Qu’est-ce que l’hémoptysie et comment la reconnaître ?

L’hémoptysie désigne le rejet de sang par la bouche provenant des voies respiratoires situées sous les cordes vocales, notamment la trachée et les bronches. Ce phénomène survient généralement lors d’un effort de toux, ce qui le distingue d’autres types de saignements. Il peut s’agir d’un symptôme ponctuel ou récurrent, et son apparition justifie toujours une évaluation médicale, surtout si le volume de sang est important ou si d’autres signes accompagnent le saignement.

À quoi ressemble le sang dans les crachats ?

Le sang expectoré lors d’une hémoptysie présente des caractéristiques bien spécifiques. Il apparaît généralement rouge vif, ce qui témoigne de son origine artérielle et de son passage récent par les poumons. Sa texture est souvent aérée ou mousseuse, car il se mélange à l’air inspiré et aux sécrétions bronchiques présentes dans les voies respiratoires. Dans certains cas, le sang peut sembler plus sombre, notamment lorsqu’il est mêlé à des glaires ou qu’il stagne un moment avant d’être expectoré. Cette différence d’apparence aide les professionnels de santé à mieux évaluer l’origine et la gravité du saignement.

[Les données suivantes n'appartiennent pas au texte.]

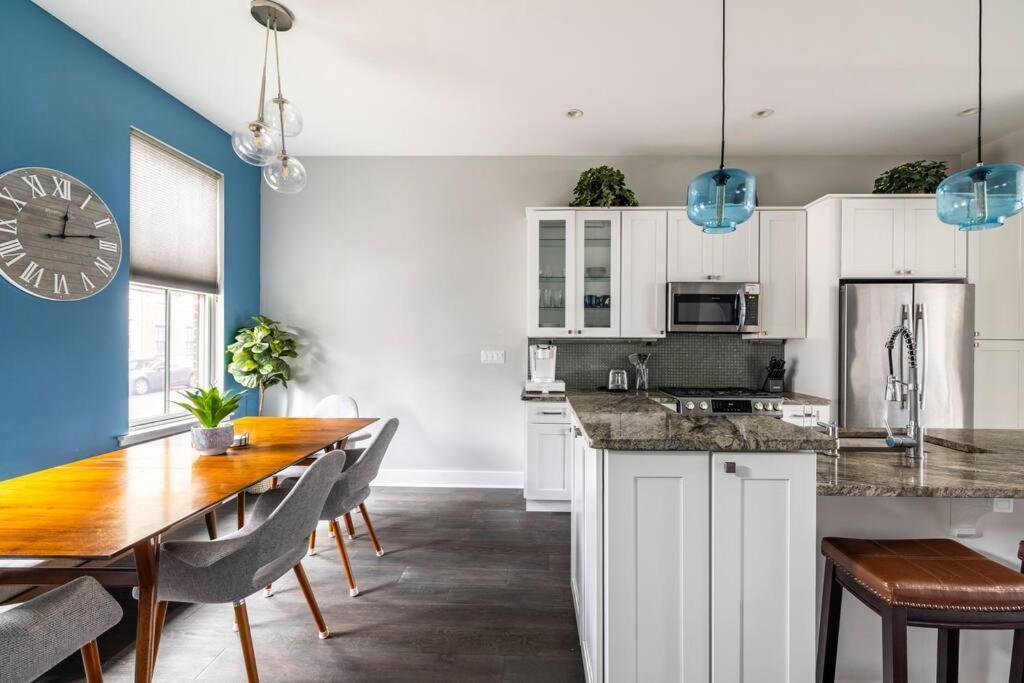 4 Bedroom 3 Bath Sleeps 10 Pet Friendly Private Backyard, 2 Car Garage, City Views, Close To All Stadiums And Casino Pittsburgh Zewnętrze zdjęcie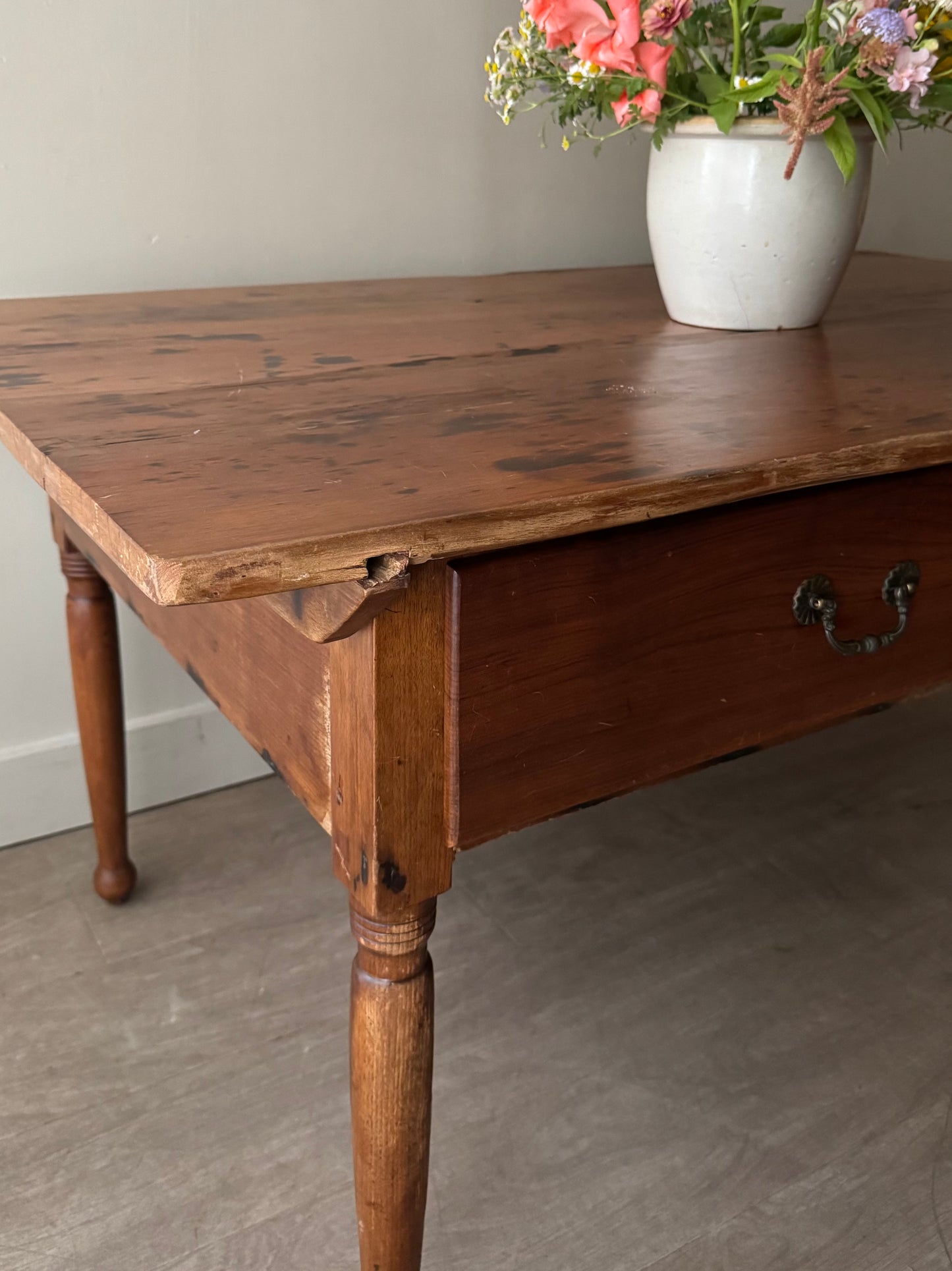 Pennsylvania Sheraton walnut harvest table
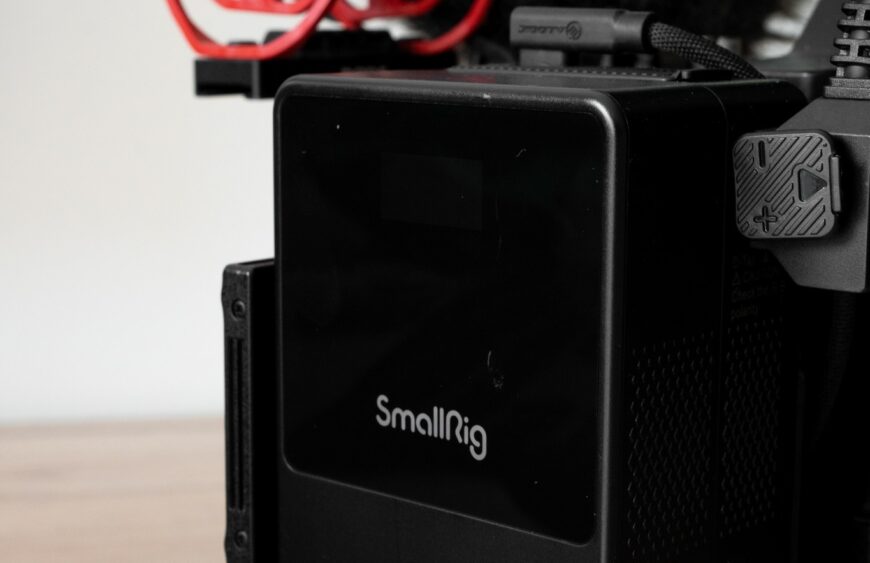 Level up your game with the #SmallRig VB99 mini V Mount Battery!This compact a...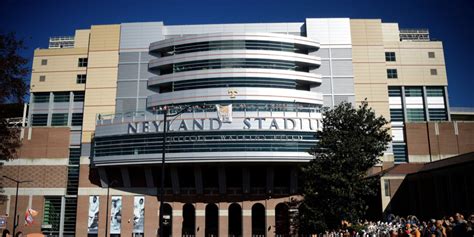 New Capacity for Neyland Stadium Revealed - Sports Illustrated ...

Différencier l’hémoptysie des autres saignements

Il est crucial de ne pas confondre l’hémoptysie avec d’autres formes de saignements, notamment l’hématémèse, qui provient du système digestif. L’hémoptysie se manifeste par une expectoration mousseuse de sang rouge vif, produite lors d’une toux. Elle ne s’accompagne généralement pas de nausées. En revanche, l’hématémèse se traduit par des vomissements de sang, souvent de couleur noire ou ayant l’aspect de marc de café, accompagnés de nausées et de douleurs abdominales. De même, un saignement nasal (épistaxis) qui coule vers l’arrière de la gorge peut être avalé puis recraché, mais il n’a pas la texture mousseuse caractéristique de l’hémoptysie. Identifier correctement la source du saignement permet au médecin d’orienter rapidement les examens et le traitement.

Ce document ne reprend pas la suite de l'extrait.